The Centre had been maintaining a tough Kashmir policy and had ruled out talks with separatists in recent months. The Home Minister said after completing the exercise, Sharma, a 1979 batch IPS officer with intimate knowledge of the security situation and Kashmir affairs, will give a report to the Centre. Sharma was Director of IB from January 1, 2015 to December 31, 2016. Earlier, he was the Joint Director of the IB’s Islamist Terrorism Desk from 2003 to 05. He headed the Central Reserve Police Force (CRPF) in Jammu and Kashmir and was the director of the BSF Academy, and Additional Director and Special Director in the IB.
I sincerely hope all the stakeholders take this opportunity and help bring the state out of the quagmire of uncertainties.— Mehbooba Mufti (@MehboobaMufti) October 23, 2017
Replying to questions, the minister said no time limit could be set whether it is three months or six months or more. “He can talk to any one he wants.” He said Prime Minister Narendra Modi had talked to all political parties as to what could be done to find a solution to Kashmir problems. “People told us that the dialogue process should be started.
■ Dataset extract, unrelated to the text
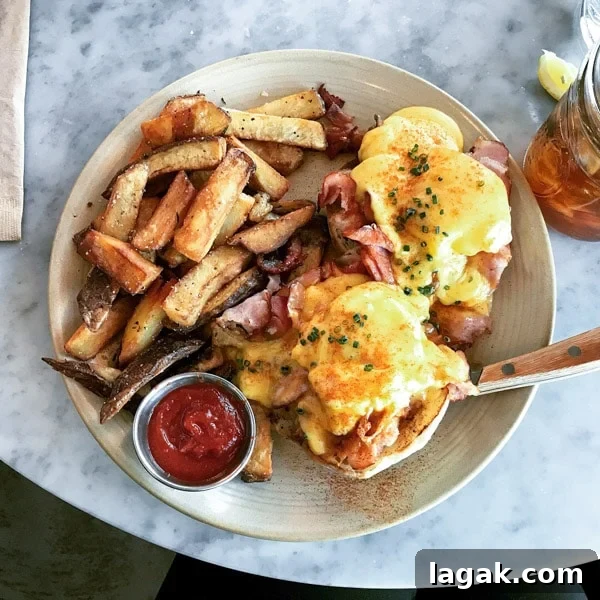 Top Portland Lunch Spots for Spring & Summer 2022 21 Eggs Benedict with ham at Besaws in Portland for brunch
We are doing this,” he said and recalled the Prime Minister’s August 15 speech saying “neither by bullet, nor by abuses but by embracing the people we can solve the problems in Jammu and Kashmir”. Asked about the status of the resignation reportedly given by Governor N.N. Vohra and whether it would be accepted in the new context, Rajnath Singh merely replied that the elected government is there and the Governor is there.